- DIRECTIONS
Each record that follows should be repeated exactly, with no pictures carried over.

[Short web captions]
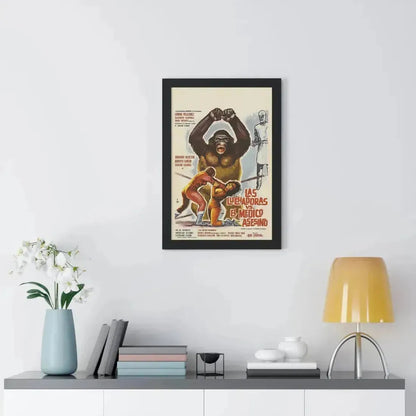 DOCTOR OF DOOM 1963 - Framed Movie Poster - The Sticker Space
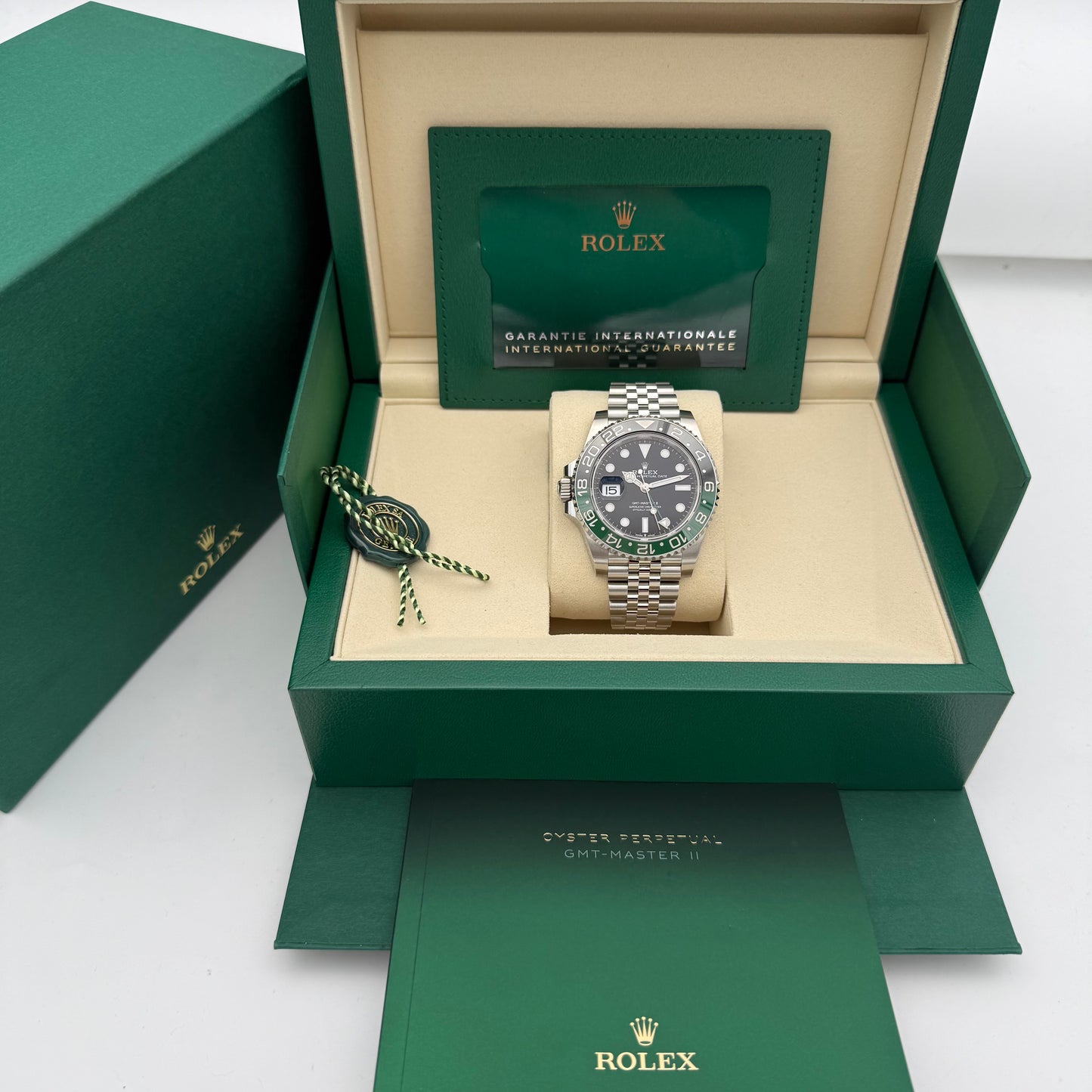 GMT Master II „Sprite“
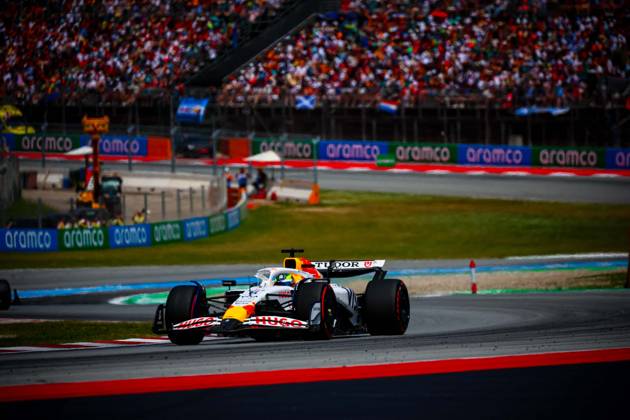 MOTORI - Formula 1 - Aramco Gran Premio de Espana 2025 - Race 06 Isack Hadjar, (FRA) Racing Bulls, RB VCARB 02 Honda, during the Spanish GP, Barcelona 29 May-1 June 2025, Montemelo Formula 1 World Championship, WM, Weltmeisterschaft 2025. Spain Spain Copyright: xIPAxSport ABACAx
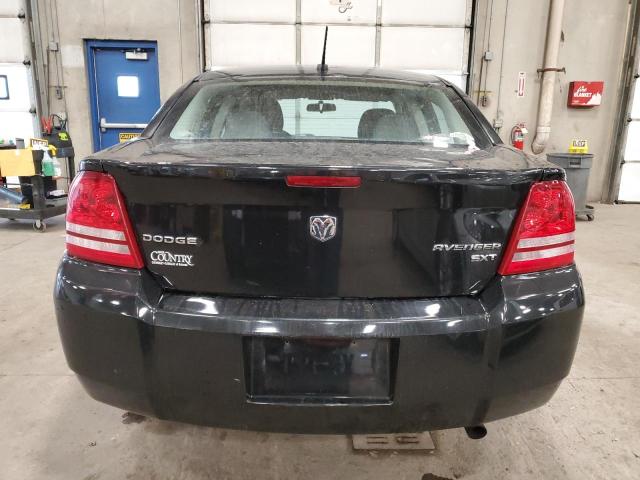 1B3CC4FB0AN175309 - 2010 DODGE AVENGER SXT BLACK photo 6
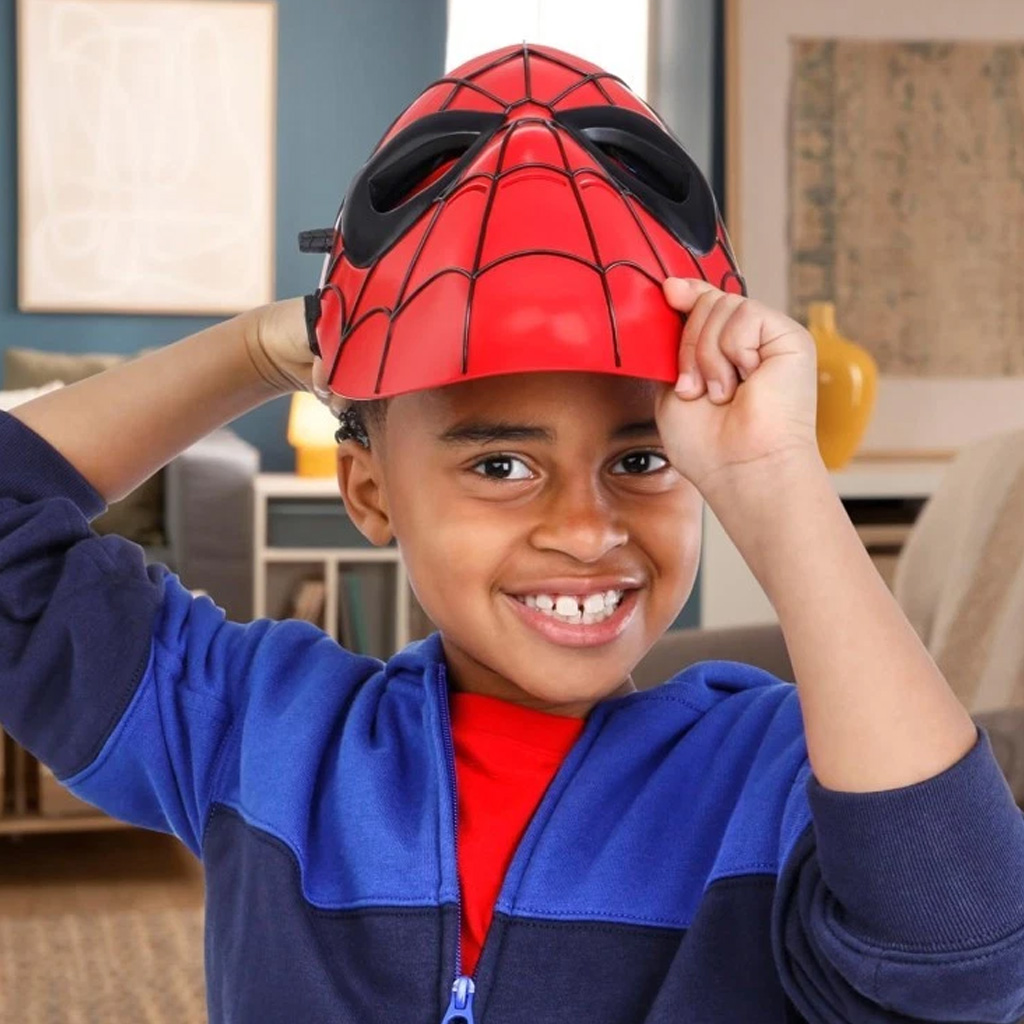 Marvel: Svietiaca Spider-Man maska – Hasbro kép 3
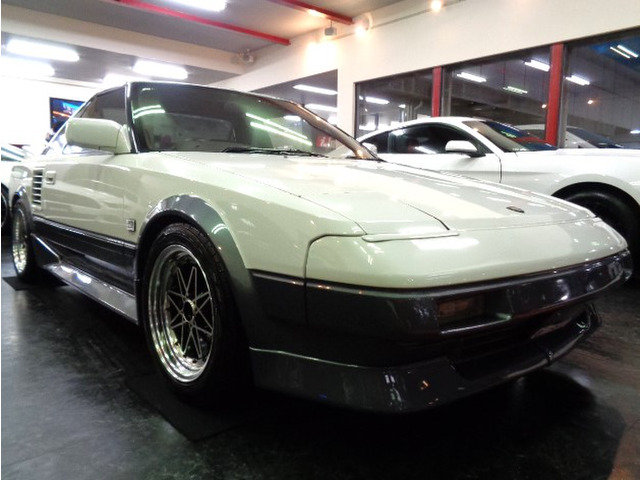 中古車 トヨタ MR2 1.6 Gリミテッド スーパーチャージャー Tバールーフ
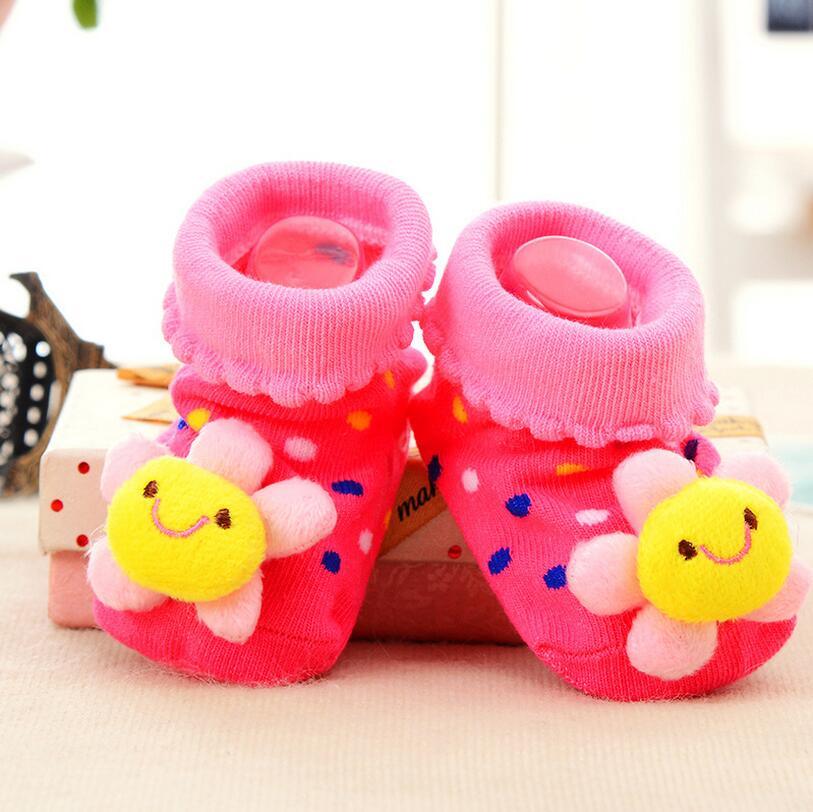 Colorful Animal Cotton Baby's Socks - Stylus Kids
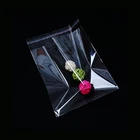 Storage Bags Transparent Self Adhesive Resealable Cellophane Poly Bags OPP Seal Gift Packaging Clothes Pouch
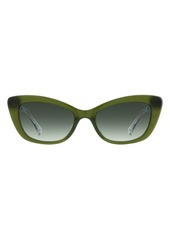 Kate Spade New York merida 54mm cat eye sunglasses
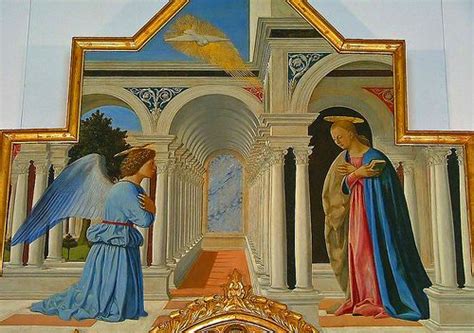 Piero Della Francesca The Annunciation Annunciation Art History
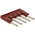Phoenix Contact FBS5-5 Series Jumper Bar, 24A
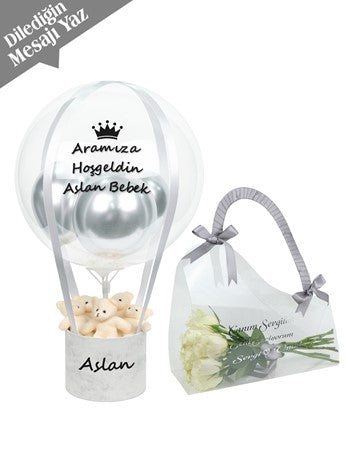 Ayıcıklı Anne Bebek Hediye Seti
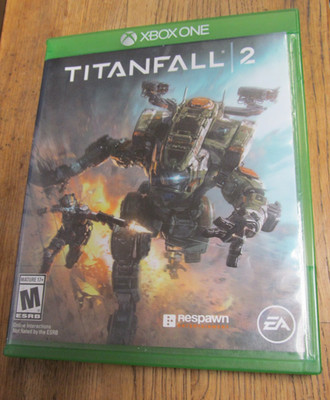 MICROSOFT XBOX ONE TITAN FALL 2 VIDEO GAME RATED M17+ SHOOTER FREE SHIPPING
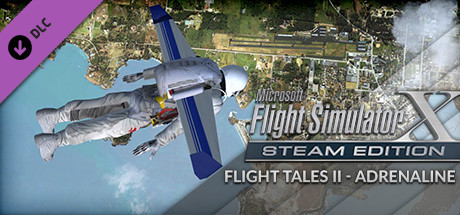 FSX: Steam Edition: Flight Tales II - Adrenaline cover art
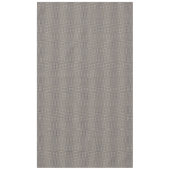 Nappe Motif tressé bleu, tan, blanc et Brown (Devant)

- EXERCISE RESPONSE
 DOCTOR OF DOOM 1963 - Framed Movie Poster - The Sticker Space
 GMT Master II „Sprite“
 MOTORI - Formula 1 - Aramco Gran Premio de Espana 2025 - Race 06 Isack Hadjar, (FRA) Racing Bulls, RB VCARB 02 Honda, during the Spanish GP, Barcelona 29 May-1 June 2025, Montemelo Formula 1 World Championship, WM, Weltmeisterschaft 2025. Spain Spain Copyright: xIPAxSport ABACAx
 1B3CC4FB0AN175309 - 2010 DODGE AVENGER SXT BLACK photo 6
 Marvel: Svietiaca Spider-Man maska – Hasbro kép 3
 中古車 トヨタ MR2 1.6 Gリミテッド スーパーチャージャー Tバールーフ
 Colorful Animal Cotton Baby's Socks - Stylus Kids
 Storage Bags Transparent Self Adhesive Resealable Cellophane Poly Bags OPP Seal Gift Packaging Clothes Pouch
 Kate Spade New York merida 54mm cat eye sunglasses
 Piero Della Francesca The Annunciation Annunciation Art History
Phoenix Contact FBS5-5 Series Jumper Bar, 24A
 Ayıcıklı Anne Bebek Hediye Seti
 MICROSOFT XBOX ONE TITAN FALL 2 VIDEO GAME RATED M17+ SHOOTER FREE SHIPPING
 FSX: Steam Edition: Flight Tales II - Adrenaline cover art
 Nappe Motif tressé bleu, tan, blanc et Brown (Devant)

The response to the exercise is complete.